# Stanford EE274: Data Compression I 2023 I Lecture 6 - Arithmetic Coding

## Arithmetic Coding

- Arithmetic coding is a data compression technique that assigns shorter binary representations to more probable sequences.
- It treats the entire data as a single block, making it a streaming algorithm with linear complexity of O(n).
- The algorithm maps input sequences to a range on the number line and communicates that range to the decoder.
- Shorter intervals on the number line require more bits to describe, while longer intervals require fewer bits.
- More probable sequences correspond to larger intervals and hence shorter bit lengths.
- Arithmetic coding achieves an expected code length that is within two bits of the entropy of the source.
- Encoding and decoding with arithmetic coding are linear time processes.
- Unlike Huffman coding, arithmetic coding does not require a pre-constructed code book.
- Arithmetic coding can handle varying probabilities at each step.
- Precision issues can arise as the intervals become very small, which can be addressed by releasing common initial digits.
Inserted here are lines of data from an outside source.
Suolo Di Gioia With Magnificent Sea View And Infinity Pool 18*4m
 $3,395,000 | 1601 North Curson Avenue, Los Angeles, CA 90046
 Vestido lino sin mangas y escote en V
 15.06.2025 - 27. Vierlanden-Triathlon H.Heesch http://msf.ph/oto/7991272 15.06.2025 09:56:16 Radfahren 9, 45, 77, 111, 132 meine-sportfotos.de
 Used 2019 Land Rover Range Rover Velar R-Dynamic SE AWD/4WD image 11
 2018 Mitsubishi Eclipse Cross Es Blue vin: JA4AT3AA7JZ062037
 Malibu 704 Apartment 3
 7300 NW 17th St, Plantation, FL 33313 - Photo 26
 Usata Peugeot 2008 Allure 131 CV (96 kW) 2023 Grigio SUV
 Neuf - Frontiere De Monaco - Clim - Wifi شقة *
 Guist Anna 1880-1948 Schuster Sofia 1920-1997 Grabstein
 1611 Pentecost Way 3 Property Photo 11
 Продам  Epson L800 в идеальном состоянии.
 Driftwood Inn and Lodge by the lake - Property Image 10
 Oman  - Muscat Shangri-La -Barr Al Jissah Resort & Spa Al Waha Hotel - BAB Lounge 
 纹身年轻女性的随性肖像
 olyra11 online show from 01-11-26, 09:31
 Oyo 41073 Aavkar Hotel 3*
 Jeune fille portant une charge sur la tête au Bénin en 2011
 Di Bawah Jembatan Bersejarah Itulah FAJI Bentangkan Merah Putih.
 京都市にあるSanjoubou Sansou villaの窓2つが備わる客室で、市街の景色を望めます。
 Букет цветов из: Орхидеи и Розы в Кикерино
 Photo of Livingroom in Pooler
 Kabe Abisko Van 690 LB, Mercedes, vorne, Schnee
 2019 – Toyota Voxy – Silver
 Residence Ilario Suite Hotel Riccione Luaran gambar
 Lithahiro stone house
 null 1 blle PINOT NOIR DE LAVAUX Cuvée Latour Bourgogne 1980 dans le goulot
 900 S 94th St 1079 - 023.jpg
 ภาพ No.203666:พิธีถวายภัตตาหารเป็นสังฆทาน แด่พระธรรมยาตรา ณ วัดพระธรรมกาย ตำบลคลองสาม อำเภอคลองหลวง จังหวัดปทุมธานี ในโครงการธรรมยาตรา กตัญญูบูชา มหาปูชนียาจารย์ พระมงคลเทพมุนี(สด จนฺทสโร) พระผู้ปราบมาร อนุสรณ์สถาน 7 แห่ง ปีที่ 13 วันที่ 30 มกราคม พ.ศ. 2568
## Comparison with Block Coding

- Block codes can achieve entropy as the block size increases, but the convergence rate of 1/B is not ideal.
- Exponential complexity in codebook size makes block codes impractical for large block sizes.
- The overhead of 1/B can be significant compared to the entropy, especially when the entropy is small.

## Comparison with Huffman Coding

- Arithmetic coding is more efficient than Huffman coding in terms of compression, but it is slower due to the arithmetic operations involved.

## Modern Codes

- Two modern codes, developed in the last 10-20 years, are TS and range coding, which offer faster decompression speeds while still achieving similar compression ratios to arithmetic coding.